Records supplied section start

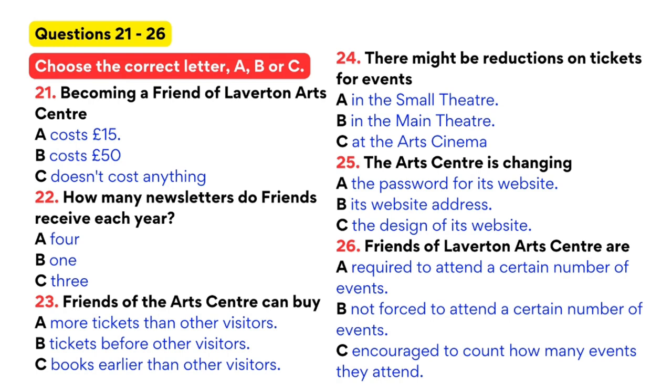Laverton Arts Centre, how can I help you? Hello. I've been to the Arts Centre a few times recently and I understand you have this scheme for regular visitors. The Friends of Laverton Arts Centre? Yes, that's right. I wonder if you could tell me a little about it — how much it costs and what benefits it offers, things like that. Well, the good news is that we've recently changed the scheme. It used to cost £15 a year, but now it's free. All you have to do is fill in an application form. You can either come to the Arts Centre and do that here, or you can go to our website and apply online. And so what are the benefits of joining? There are actually quite a few.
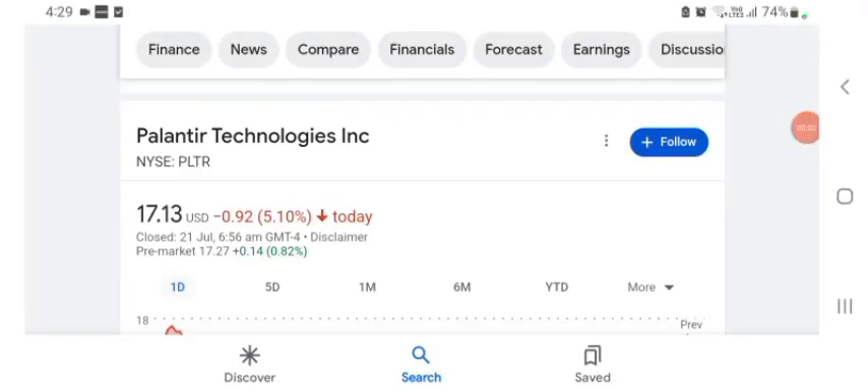Hello guys, welcome back to my YouTube channel. In this video we are going to talk about PLTR stock. I'm going to take a look at the fundamentals of this company and also take a look at the chart of the company, just to see how this company is doing, so you know if it's worth your risk of investing.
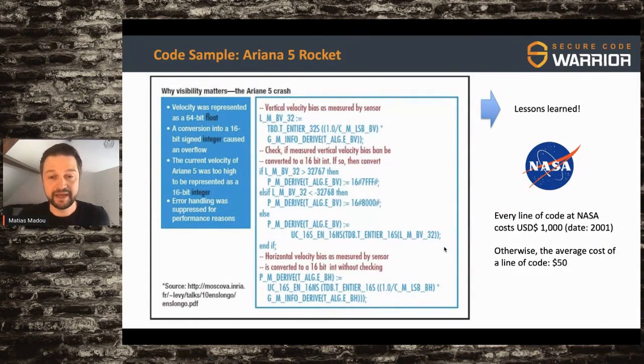Imagine being the developer who wrote that piece of code. NASA learned its lesson, because after the Ariane 5 rocket they installed a process — a very costly one — where every line of code within NASA at 2001 cost almost $1,000 to get into production. At that same time, the average cost of a line of code was $50. So they figured out it is better to invest in producing secure code, code that works, to prevent huge losses in the future. They had their lessons learned.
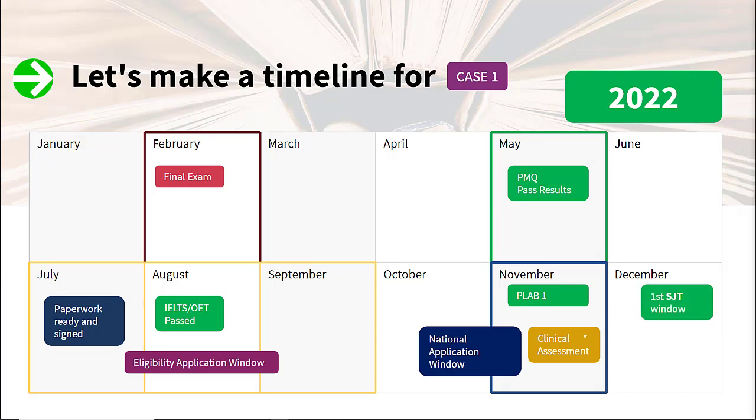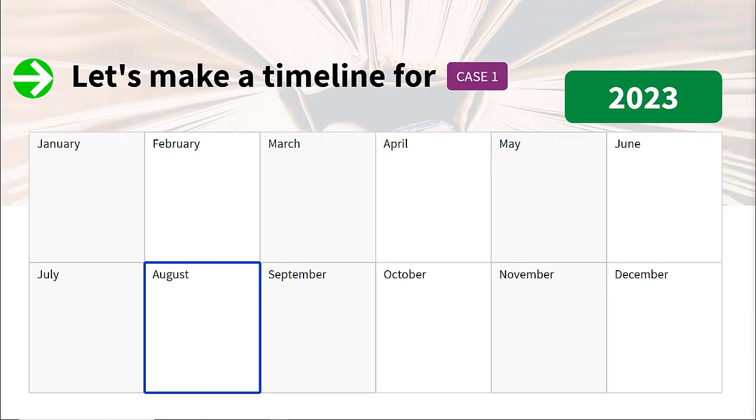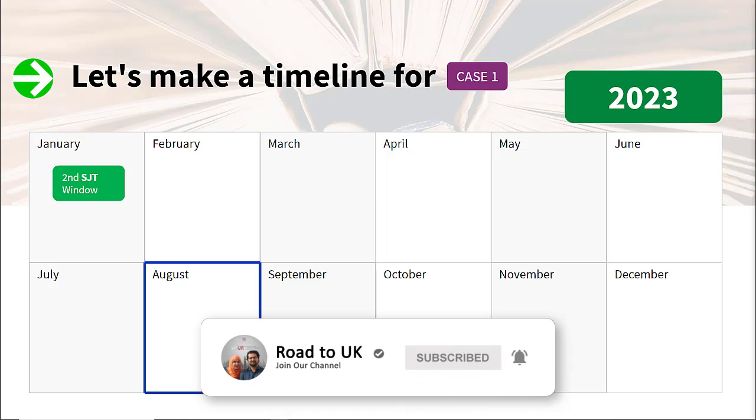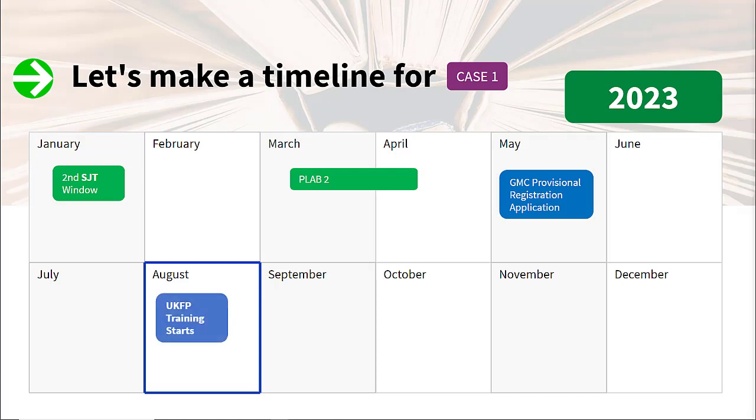In the process, the first SJT window will be in December after he has taken his PLAB 1. In January he will get his PLAB 1 result, and there is also another SJT window in January. The Situational Judgment Test is completely free and is taken online these days. You will be allowed to book an SJT test once you have applied in the national allocation and are given an option to book. From March to April there is time to take PLAB 2 if you have already completed the earlier steps. It is known that the GMC may give priority to UKFP applicants to take PLAB 2 earlier than others.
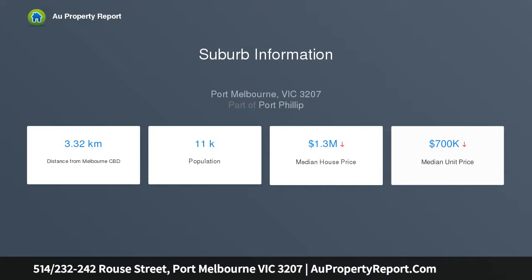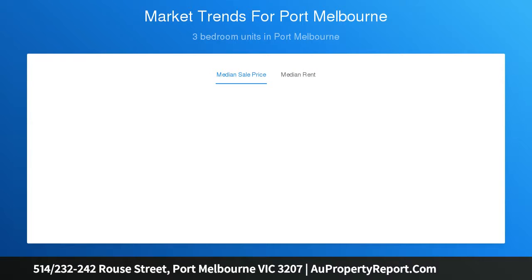Within walking distance to the 109 light rail into the city and the delights of street cafes, restaurants, and shops. Modern in design and located on the top floor of the building, featuring security intercom entrance, fully equipped and recently renovated gourmet kitchen with stone bench tops and ample storage.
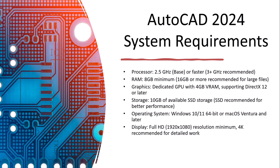For storage, it is not a big deal but should be at least 10 GB. The operating system should be Windows 10 or 11, minimum 64-bit — not 32-bit — or macOS Ventura and later. For display, full HD resolution is the minimum, and 4K is recommended for detailed work.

Records supplied section end

From the records above, return exactly the lines running from the one that contains "Hello guys, welcome" down to the one that contains "Within walking distance", both included, without any pictures.

• **Exercise output**
Hello guys, welcome back to my YouTube channel. In this video we are going to talk about PLTR stock. I'm going to take a look at the fundamentals of this company and also take a look at the chart of the company, just to see how this company is doing, so you know if it's worth your risk of investing.
Imagine being the developer who wrote that piece of code. NASA learned its lesson, because after the Ariane 5 rocket they installed a process — a very costly one — where every line of code within NASA at 2001 cost almost $1,000 to get into production. At that same time, the average cost of a line of code was $50. So they figured out it is better to invest in producing secure code, code that works, to prevent huge losses in the future. They had their lessons learned.
In the process, the first SJT window will be in December after he has taken his PLAB 1. In January he will get his PLAB 1 result, and there is also another SJT window in January. The Situational Judgment Test is completely free and is taken online these days. You will be allowed to book an SJT test once you have applied in the national allocation and are given an option to book. From March to April there is time to take PLAB 2 if you have already completed the earlier steps. It is known that the GMC may give priority to UKFP applicants to take PLAB 2 earlier than others.
Within walking distance to the 109 light rail into the city and the delights of street cafes, restaurants, and shops. Modern in design and located on the top floor of the building, featuring security intercom entrance, fully equipped and recently renovated gourmet kitchen with stone bench tops and ample storage.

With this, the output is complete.